Finance & Operations

How to Guarantee You Are Properly Prepared for a Board Meeting

April 24, 2013

Bill Conroy, serial entrepreneur and director at Kareo, Prognosis, and AtTask shares why having a control book is one key to bringing greater speed and productivity to board meetings.

How to Run a Board Meeting Preparation and Protocol

Board meetings too often turn into a slog through status reports and numbers. Even if you’re on track to power through on time, all it takes is one board member asking for a number to be reflected in a different way to derail the train.
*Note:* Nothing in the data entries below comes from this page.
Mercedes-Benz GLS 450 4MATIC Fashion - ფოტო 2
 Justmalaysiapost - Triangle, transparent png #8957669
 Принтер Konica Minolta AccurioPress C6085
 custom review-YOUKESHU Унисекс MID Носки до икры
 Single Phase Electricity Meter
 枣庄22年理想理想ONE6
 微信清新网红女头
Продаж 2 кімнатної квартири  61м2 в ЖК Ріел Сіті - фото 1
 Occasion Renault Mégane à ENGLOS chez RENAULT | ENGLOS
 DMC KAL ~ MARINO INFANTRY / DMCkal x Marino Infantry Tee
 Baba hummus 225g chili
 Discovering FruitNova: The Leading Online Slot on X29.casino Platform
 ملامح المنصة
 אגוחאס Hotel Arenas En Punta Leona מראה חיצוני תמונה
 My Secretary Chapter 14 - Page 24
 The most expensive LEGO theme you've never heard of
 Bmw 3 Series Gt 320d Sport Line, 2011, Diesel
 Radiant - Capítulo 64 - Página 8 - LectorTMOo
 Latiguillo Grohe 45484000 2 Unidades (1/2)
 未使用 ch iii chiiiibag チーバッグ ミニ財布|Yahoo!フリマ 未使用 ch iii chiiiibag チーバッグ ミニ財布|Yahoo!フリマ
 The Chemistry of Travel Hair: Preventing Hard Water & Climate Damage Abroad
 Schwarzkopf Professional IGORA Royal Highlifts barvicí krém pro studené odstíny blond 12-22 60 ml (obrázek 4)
Those small requests set off a chain reaction of reporting changes that is felt down the ranks and distracts too much of the company.
Bill Conroy, formerly CEO of Initiate Systems and currently a director at Kareo, Prognosis, and AtTask is a seasoned boardroom veteran who has often been “in companies where everybody is running up and down the hallways” hours before the board meeting is set to begin, frantically trying to finish preparations and reports. He has two remedies for manic board meeting preparation: 1) the control book; and 2) a management meeting prior to the board meeting.

The Control Book: “A source of truth”

Conroy calls the control book “a source of truth,” and considers it the only reporting that really matters. “It is published monthly to the board, as well as to the management team,” he says, eliminating the scramble before the meeting and the numbers update during the meeting since “the directors have been getting the control book in the same format all of the time.”
Inside the control book, board members find performance metrics, a profit and loss breakdown, a cash statement, a retention report, growth drivers, and any other salient reports that you know the board is after. The key is to make sure that all of the numbers are included and presented in the same format month after month. That way, Conroy says, “there is no discussion about what the numbers are in the board meeting, which is a total waste of time,” and you can focus on “what the numbers mean.”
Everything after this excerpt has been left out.